We have developed a new method for searching for carbon compounds in space, similar to how oil is discovered on Earth. Our method was published in the Royal Astronomical Society’s Monthly Notices.
Huge amounts of interstellar gas and dust exist between the stars, spread thinly across our galaxy. Carbon compounds may be present in the dust. When this occurs, it is referred to as carbonaceous interstellar dust. This is a significant organic material reservoir in space. The continuous exchange of material between stars and gas in our galaxy’s interstellar medium results in the delivery of organic molecules to newly forming planetary systems.
Prebiotic molecules, a subclass of organic molecules, are thought to have played an important role in the formation of life on Earth. Such prebiotic molecules are most likely preserved in carbonaceous interstellar dust that forms planetesimals during the early stages of planetary formation. The chemical composition of such environments may determine the planet’s suitability for life formation. To investigate this possibility further, it is critical to understand the life cycle of carbonaceous interstellar dust.
Hydrocarbon molecules, a type of organic molecule, can be useful in this regard. Aliphatic and aromatic hydrocarbons—molecules made up of chains and/or rings of carbon atoms—make up a significant portion of crude oil on Earth, which was formed beneath the Earth’s crust from the residuals of living organisms.
Some aliphatic hydrocarbons found in oil molecules are also required by living organisms.

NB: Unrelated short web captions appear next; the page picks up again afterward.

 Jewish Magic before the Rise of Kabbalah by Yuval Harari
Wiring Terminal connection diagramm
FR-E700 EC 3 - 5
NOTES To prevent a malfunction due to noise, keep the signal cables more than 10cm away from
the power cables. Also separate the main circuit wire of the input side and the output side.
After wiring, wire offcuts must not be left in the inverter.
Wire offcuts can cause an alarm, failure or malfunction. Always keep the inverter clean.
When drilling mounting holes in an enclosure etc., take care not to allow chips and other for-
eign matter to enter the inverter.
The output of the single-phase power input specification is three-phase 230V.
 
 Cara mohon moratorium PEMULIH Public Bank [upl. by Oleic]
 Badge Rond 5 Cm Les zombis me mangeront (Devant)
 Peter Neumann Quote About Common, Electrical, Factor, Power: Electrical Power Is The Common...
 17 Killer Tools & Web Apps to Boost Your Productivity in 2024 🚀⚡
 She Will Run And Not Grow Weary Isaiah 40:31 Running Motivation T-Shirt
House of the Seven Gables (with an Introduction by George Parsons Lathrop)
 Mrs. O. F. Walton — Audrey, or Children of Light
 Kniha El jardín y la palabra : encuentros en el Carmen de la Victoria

They are especially interesting for interstellar medium studies because they produce significant features in the infrared region of the spectrum, which astronomers can then measure with infrared telescopes.

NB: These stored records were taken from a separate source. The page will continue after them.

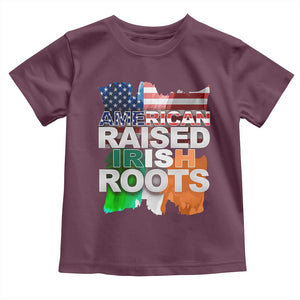 Irish American Toddler T Shirt American Raised Irish Roots St Patrick's Day TS11 Maroon Print Your Wear
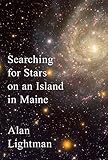 Searching for Stars on an Island in Maine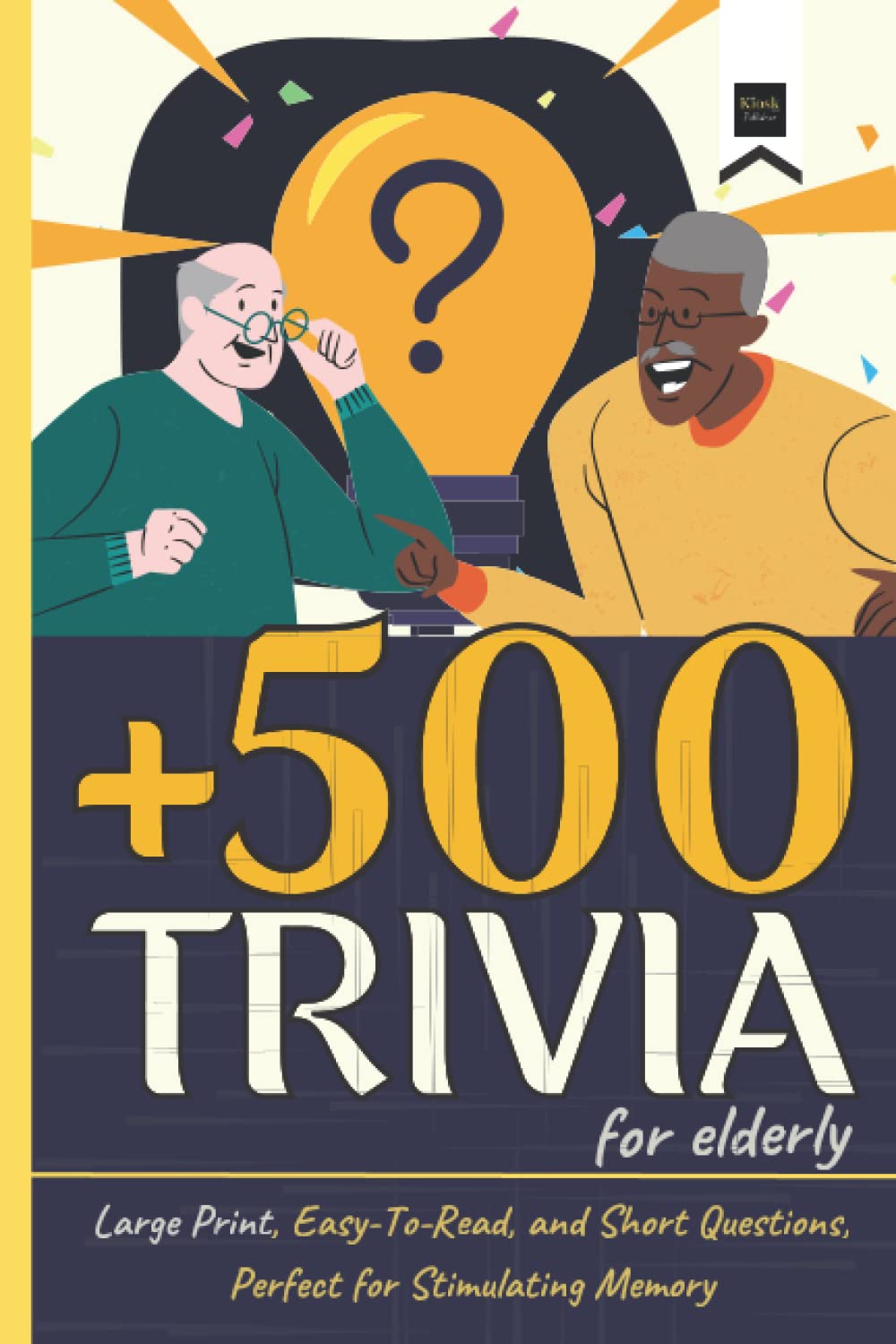 500 Trivia for Elderly: Large print, Easy to Read and Short Questions, Perfect for Stimulate Memory (Trivia for seniors)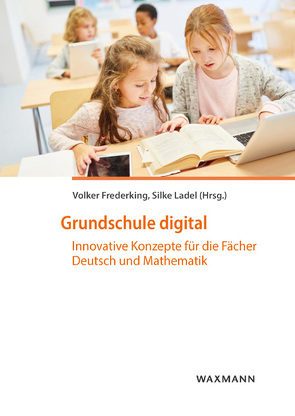 Grundschule digital von Bescherer,  Christine, Boelmann,  Jan M., Etzold,  Heiko, Fest,  Andreas, Frederking,  Volker, Hauck-Thum,  Uta, König,  Lisa, Kortenkamp,  Ulrich, Krauthausen,  Günter, Ladel,  Silke, Mahns,  Peter, Nottbusch,  Guido, Pilgrim,  Alexandra, Reiske,  Jennifer, Ripper,  Klaus, Röttig,  Sabine, Stutz,  Franziska, Vorst,  Claudia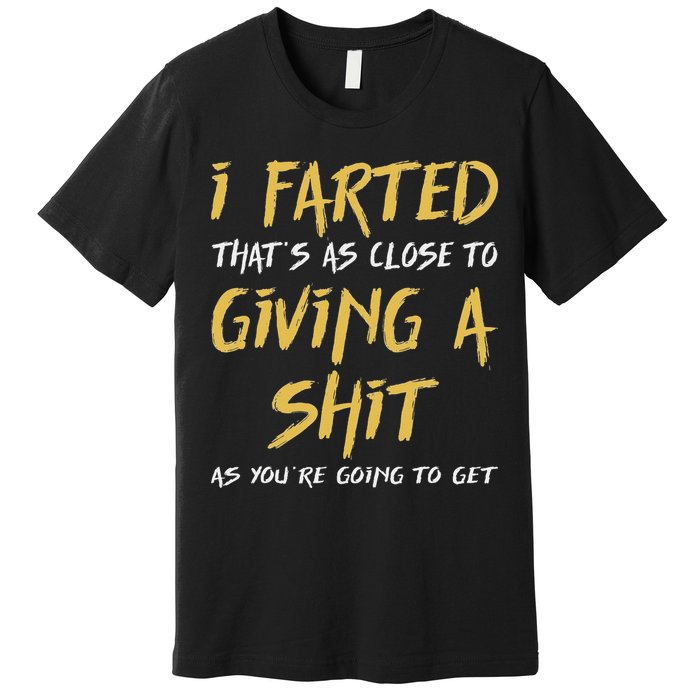 I Farted ThatS As Close To Giving A Shit As YouRe Funny Premium T-Shirt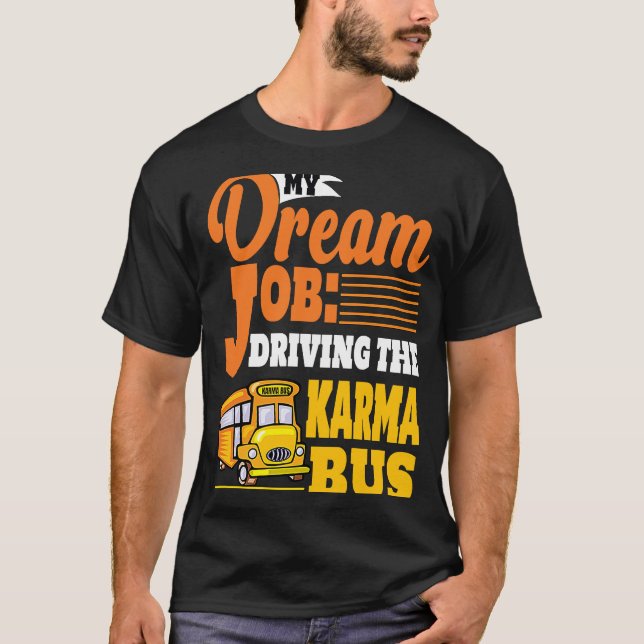 Driving the Karma Bus Dream Job T-Shirt (Front)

Previously, we created laboratory analogs of carbonaceous interstellar dust by simulating interstellar medium conditions in our laboratory at the University of New South Wales in Australia. The absorption coefficient of the aliphatic hydrocarbons in these interstellar dust analogs was then measured and combined with data from the UKIRT telescope in Hawaii. We discovered a large amount of aliphatic hydrocarbon material trapped within interstellar dust.
Now, we’ve developed a new observational method for mapping the amount of aliphatic hydrocarbon through dusty sightlines to the centre of our galaxy, and we’ve applied it to another field in the galactic disc. The maps produced revealed the distribution of hydrocarbons in the interstellar medium. We discovered that at least 20% of cosmic carbon is concealed in the oily component of interstellar dust. As a result, it serves as an important reservoir for organic material in the galactic disc.

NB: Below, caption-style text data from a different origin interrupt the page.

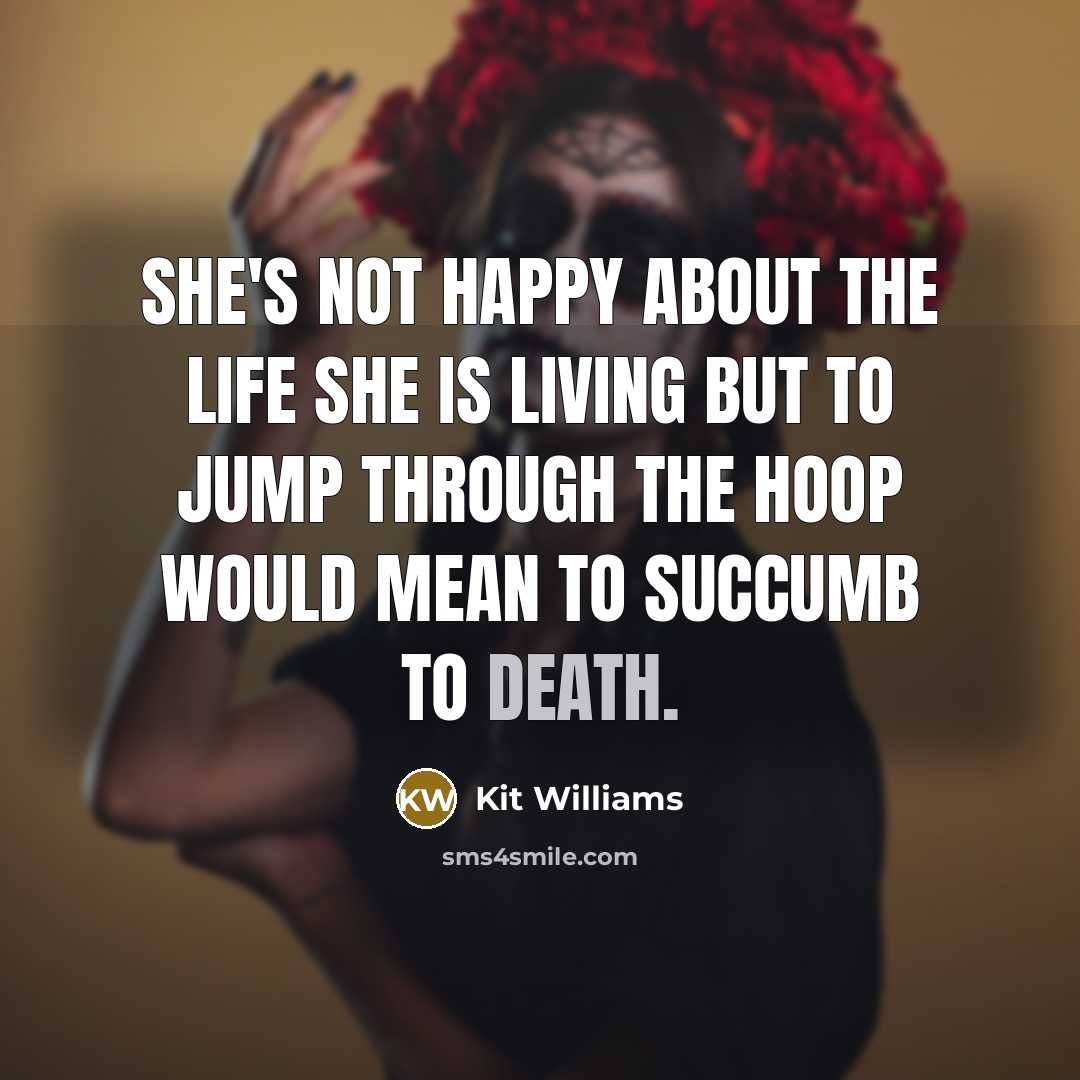“She's not happy about the life she is living but…” quote by Kit Williams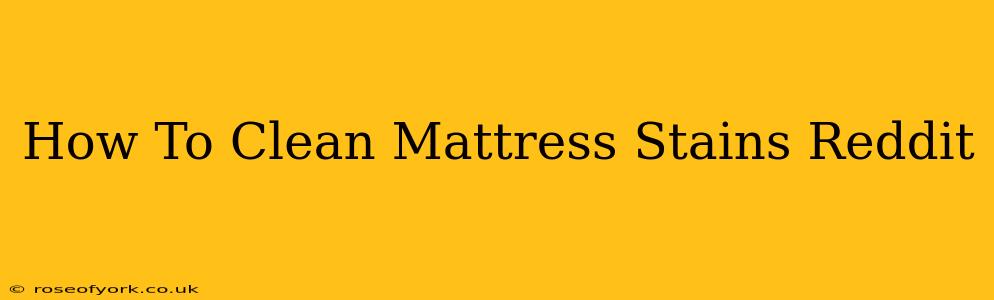 How To Clean Mattress Stains Reddit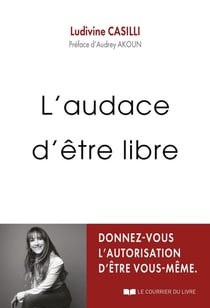 L'audace d'être libre : Donnez-vous l'autorisation d'être vous-même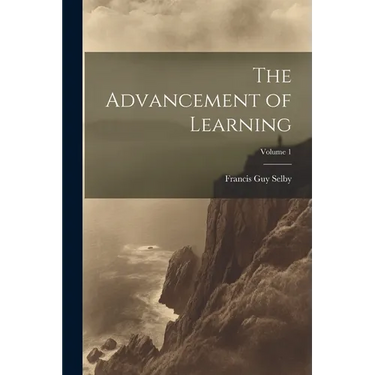 The Advancement of Learning; Volume 1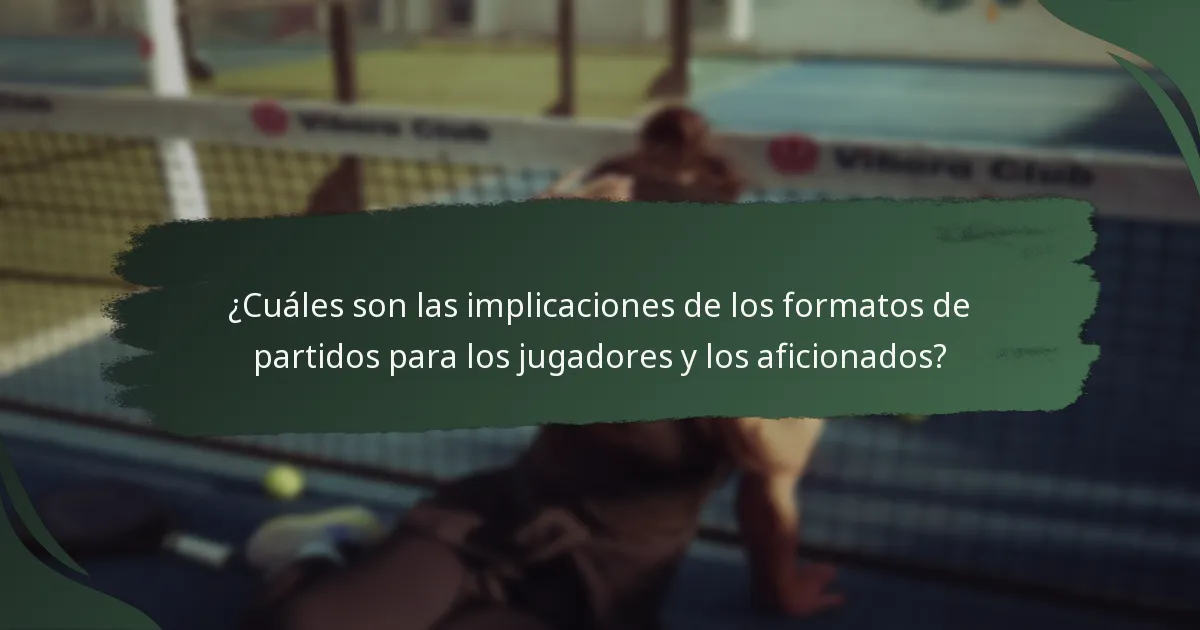 ¿Cuáles son las implicaciones de los formatos de partidos para los jugadores y los aficionados?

This method could be expanded to include ice and silicate features in the dust as well as aliphatic hydrocarbons using the James Webb Space Telescope in space, where the features can be measured far better than from the ground. Now that we can observe objects ranging from planet-forming discs to distant galaxies, we may be able to trace the cycle of organic material in interstellar space. The method’s future applications may improve our understanding of the distribution of organic and prebiotic material in our galaxy and others.